Александр Юрьев, чья служба в горячих песках этой страны составляет огромный жизненный пласт, спустя двадцать восемь лет награждён орденом «За военное содружество и доблесть».
- Я уже стал забывать свою службу в Сирии, – признаётся Александр, – да и нельзя нам было помнить-то, засекречены мы были по полной. Правда, когда там снова началась «заваруха» и о войне заговорили в полный голос и круглосуточно, вспомнил всё… Многие ведь абсолютно неверно понимают ситуацию в Сирии, и то, как она влияет конкретно на нашу страну. А нам это ещё в далёкие девяностые было ясно.
лександр родился и рос в пригородном селе Медведево, учился в школе №3. В те времена мальчишки ещё мечтали о высоком, и парню повезло – служить срочную он попал в «десантуру». Романтика неба, полёта, безграничного голубого пространства настолько захватила его, что он принял решение остаться в армии сверхсрочно.
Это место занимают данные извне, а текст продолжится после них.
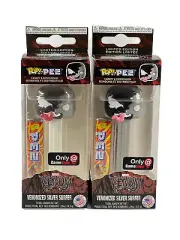 Funko Pop Pez Venomized Silver Surfer White Base Metallic GameStop Exclusive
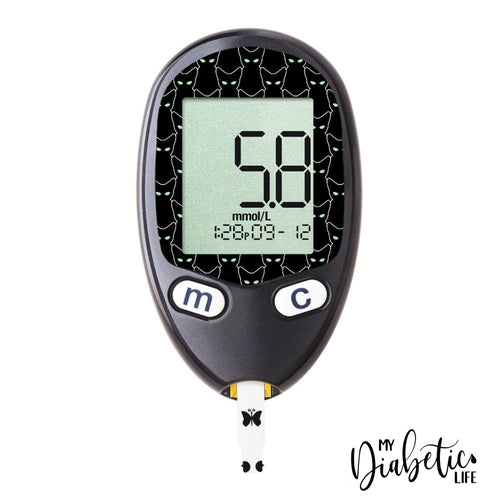 Black Cats - Freestyle Freedom Lite Peel Skin And Decal Glucose Sticker Freestyle Lite
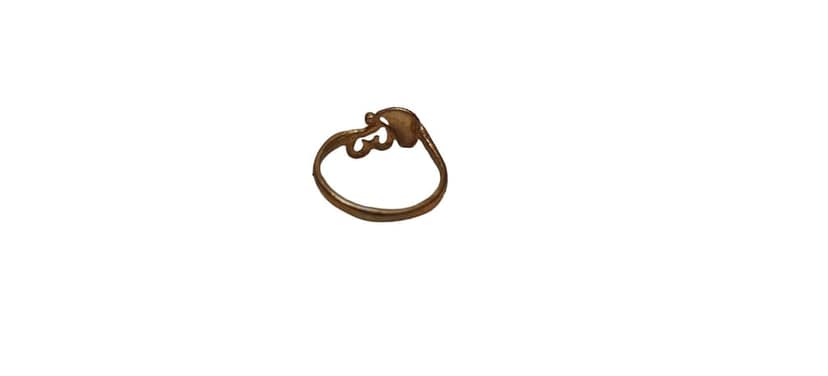 Panchaloha finger ring view 3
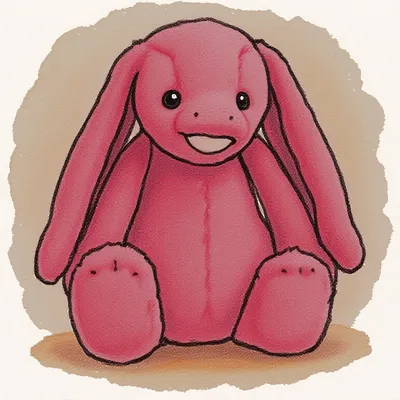 Bashful Strawberry Bunny (Small)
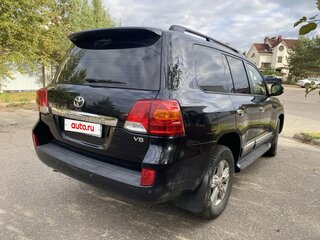 2014 Toyota Land Cruiser 200 Series Рестайлинг 1, чёрный, 3500000 рублей, вид 4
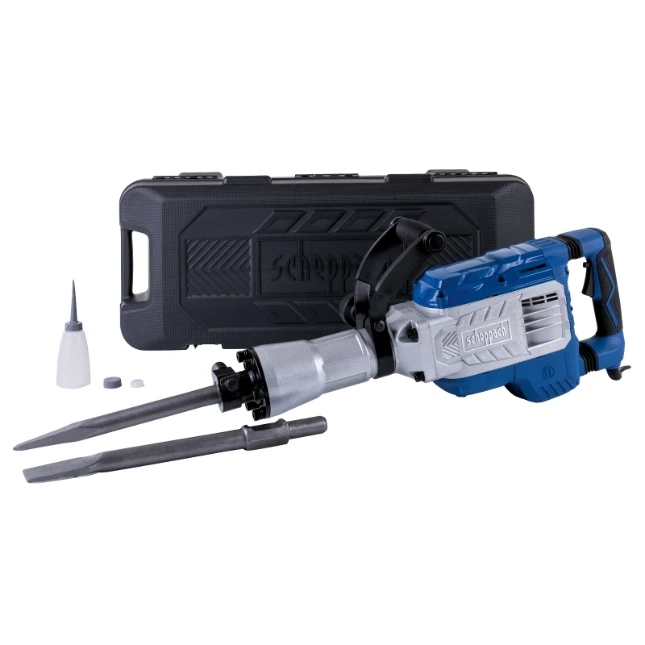 Scheppach 5908211901 AB1900 Sloophamer 1900W met 2 beitels in koffer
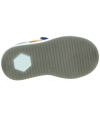 Blue child sneakers made with leather and good support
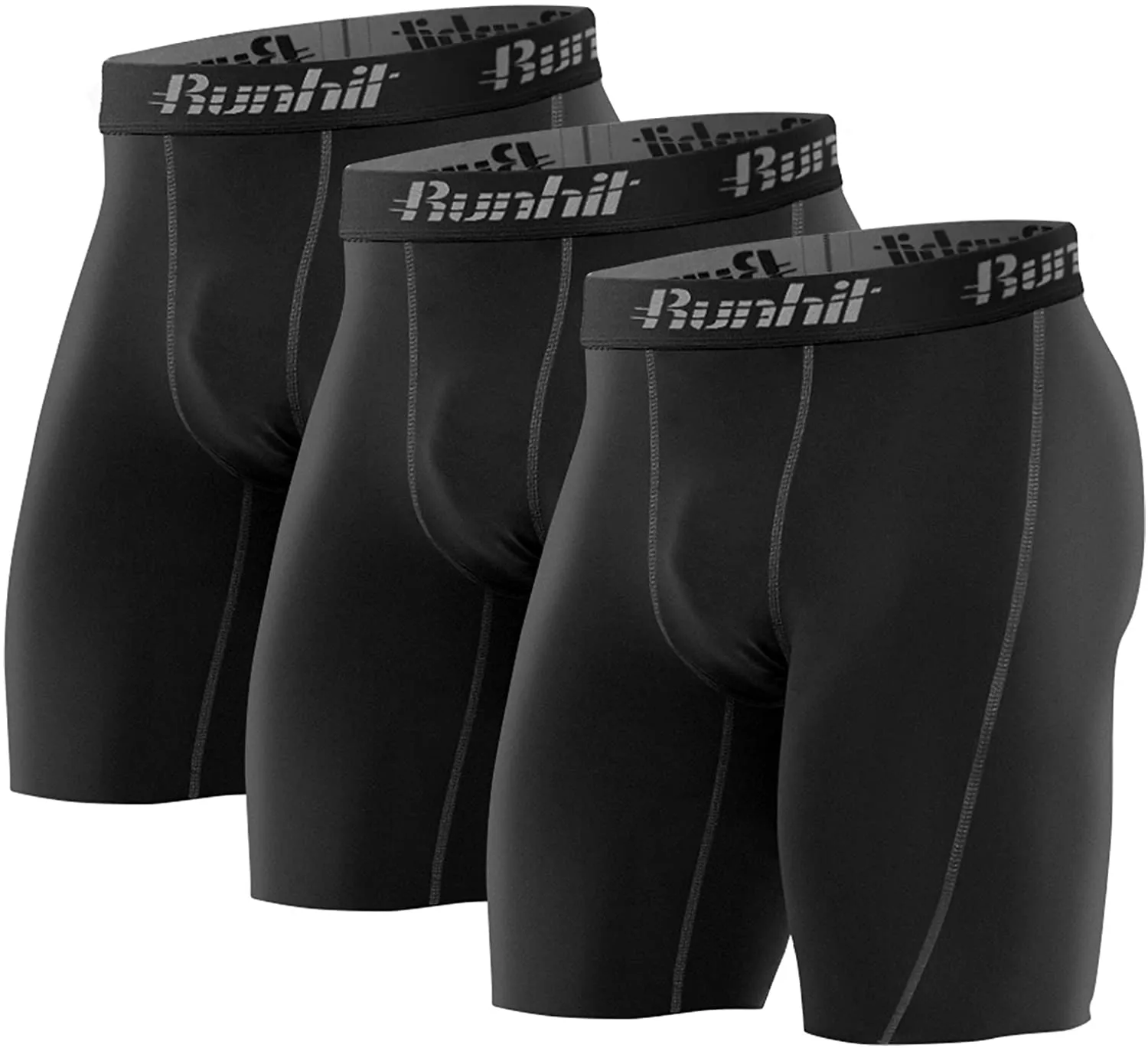 Runhit Compression Shorts for Men,Mens Underwear Spandex Shorts Workout Running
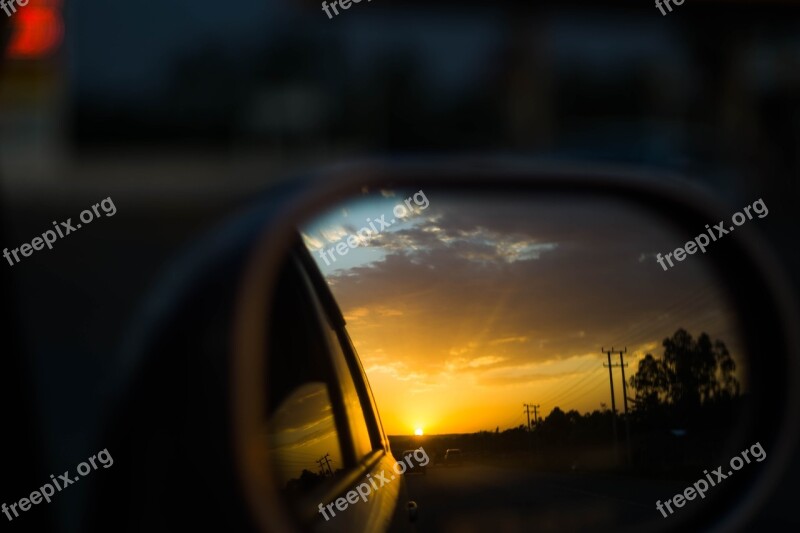 Sunset Sunrise Driving Kenya Africa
Получил уважаемое звание прапорщика и начал покорять небеса СССР и пока не самого дальнего зарубежья. Тогда таковым считалась Германия, вернее, ГДР. Были и Прибалтика, и Туркмения, и Заполярье, и множество советских военных округов и гарнизонов. Вот такой лихой прапорщик, вечно витающий в облаках в самом прямом смысле слова, и достался молодой жене. Семью начинающие супруги Юрьевы начали строить в Апатитах, там молодая семья и жила несколько лет. Однажды ночью в маленькой гарнизонной квартире раздался телефонный звонок, известивший о срочном, по тревоге, вылете в Ростов-на-Дону.
Помаленьку стали «въезжать»…
- Мы, пилоты, тогда втроём вылетели, – вспоминает Александр. – А в Ростове собралась целая эскадрилья со всей страны, и нас пересадили на «Антей» – огромный военно-транспортный самолёт, у него на борту свободно два вертолёта помещаются. Тогда уже понимали, что дело серьёзное. Приказано было переодеться в «гражданку», все документы у нас изъяли, никаких отличительных знаков не оставили – ни званий, ни регалий. За пять минут до вылета нам вручили загранпаспорта, и отправились мы в путешествие за два моря, только ещё не знали куда. Когда ландшафт за бортом подозрительно изменился, мы стали спорить, что это под нами: Африка? Мозамбик или ещё какая тмутаракань? Сели в 28 километрах от Дамаска, но, повторю, мы об этом ничего не знали – пустыня и пустыня, а на какой широте-долготе, неизвестно. Из комфортного ростовского октября мы за несколько часов попали в зной, жару и сушь, где даже ночью под +30.
Первое время не было ни еды нормальной, ни воды. Но думать об этом было некогда – срочно монтировали военную технику, потом «облетали» её. На третьи сутки стали понемногу «въезжать», где мы находимся. Арабы заправляли нашу технику, еду привозили. Даже сейчас помню вкус этих сухих лепёшек и отвратительной воды. Поместили нас во французскую казарму, оставшуюся с тех времён, когда Сирия была колонией этого государства. Ничего такие бараки, крепкие, но от зноя и в них укрыться было сложно. Территорию обнесли колючей проволокой, и началась наша, тогда ещё не совсем понятная, служба.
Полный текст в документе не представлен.